GX-I7 With Cyclophosphamide in Patients With Metastatic or Recurrent Solid Tumors

Solid Tumor Clinical Trial

Official title:

A Phase 1b Study of GX-I7 in Combination With Cyclophosphamide in Patients With Metastatic or Recurrent Solid Tumors

Clinical Trial Details — Status: Completed

Administrative data

• NCT number: NCT03733587
• Other study ID #: GX-I7-CA-005
• Status: Completed
• Phase: Phase 1
• Start date: October 17, 2018
• Est. completion date: May 13, 2020

Study information

• Verified date: May 2020
• Source: Genexine, Inc.
• Contact: n/a
• Is FDA regulated: No
• Study type: Interventional

Clinical Trial Summary

This is a Phase 1b study to explore the safety and efficacy of GX-I7 in combination with CPA in patients with metastatic or recurrent solid tumors.

Description:

This is a Phase 1b study to explore the safety and efficacy of GX-I7 in combination with CPA in patients with metastatic or recurrent solid tumors.

This is 4 dose levels and increase dose level after confirm DLT of the previous dose.

Recruitment information / eligibility

• Status: Completed
• Enrollment: 24
• Est. completion date: May 13, 2020
• Est. primary completion date: April 2, 2020
• Accepts healthy volunteers: No
• Gender: All
• Age group: 18 Years and older

Eligibility

Inclusion Criteria:

• Histological confirmation of solid tumor, for which no standard therapy exists or is available any longer.

• Aged =19 years(Korean age).

• Eastern Cooperative Oncology Group (ECOG) performance status of 0 or 1.

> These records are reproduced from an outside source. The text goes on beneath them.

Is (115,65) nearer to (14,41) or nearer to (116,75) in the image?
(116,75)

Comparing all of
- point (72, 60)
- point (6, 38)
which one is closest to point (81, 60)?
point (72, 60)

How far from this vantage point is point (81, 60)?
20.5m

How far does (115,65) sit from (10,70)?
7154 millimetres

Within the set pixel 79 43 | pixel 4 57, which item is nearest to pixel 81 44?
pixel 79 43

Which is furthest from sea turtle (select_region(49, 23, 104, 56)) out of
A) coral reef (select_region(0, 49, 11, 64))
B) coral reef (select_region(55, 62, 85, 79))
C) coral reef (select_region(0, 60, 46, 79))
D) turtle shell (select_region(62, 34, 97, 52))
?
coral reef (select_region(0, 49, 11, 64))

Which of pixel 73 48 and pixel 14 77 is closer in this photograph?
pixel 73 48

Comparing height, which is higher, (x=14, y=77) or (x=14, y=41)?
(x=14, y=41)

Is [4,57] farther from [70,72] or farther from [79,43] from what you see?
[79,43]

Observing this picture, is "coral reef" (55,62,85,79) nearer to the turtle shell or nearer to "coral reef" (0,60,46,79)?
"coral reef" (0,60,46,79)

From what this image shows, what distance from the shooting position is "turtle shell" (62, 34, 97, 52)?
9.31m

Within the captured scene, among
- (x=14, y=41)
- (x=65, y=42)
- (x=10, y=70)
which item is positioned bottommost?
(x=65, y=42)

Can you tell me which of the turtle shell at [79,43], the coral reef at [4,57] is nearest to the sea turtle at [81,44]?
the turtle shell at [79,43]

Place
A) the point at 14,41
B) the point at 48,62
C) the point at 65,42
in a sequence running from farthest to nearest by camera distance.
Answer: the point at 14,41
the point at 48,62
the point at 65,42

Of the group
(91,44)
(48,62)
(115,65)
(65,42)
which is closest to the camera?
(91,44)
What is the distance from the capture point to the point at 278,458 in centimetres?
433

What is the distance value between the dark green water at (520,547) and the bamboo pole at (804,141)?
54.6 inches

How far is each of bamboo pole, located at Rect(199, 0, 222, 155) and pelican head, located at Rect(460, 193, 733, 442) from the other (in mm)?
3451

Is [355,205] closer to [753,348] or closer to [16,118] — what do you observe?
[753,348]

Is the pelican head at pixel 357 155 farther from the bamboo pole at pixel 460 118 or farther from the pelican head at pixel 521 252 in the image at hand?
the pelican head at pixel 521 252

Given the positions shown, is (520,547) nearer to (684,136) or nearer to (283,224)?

• Life expectancy =12 weeks.

• Adequate hematological and end organ function defined by the following

• laboratory results obtained within 14 days prior to Cycle 1 Day 1 (C1D1)

• Female subjects of childbearing potential (including a female who has undergone tubal ligation) requires a negative serum pregnancy test performed within 14 days prior to C1D1.

• Have an evaluable lesion(s) by Response Evaluation Criteria in Solid Tumors (RECIST) v1.1

• Subjects to be enrolled in the Phase 2a stage must be able to provide pre-treatment tissue biopsy or archival tissue and must have a tumor lesion.

• Providing the signed informed consent form (ICF).

Exclusion Criteria:

• Unable to adhere to the study procedures and follow-up procedures.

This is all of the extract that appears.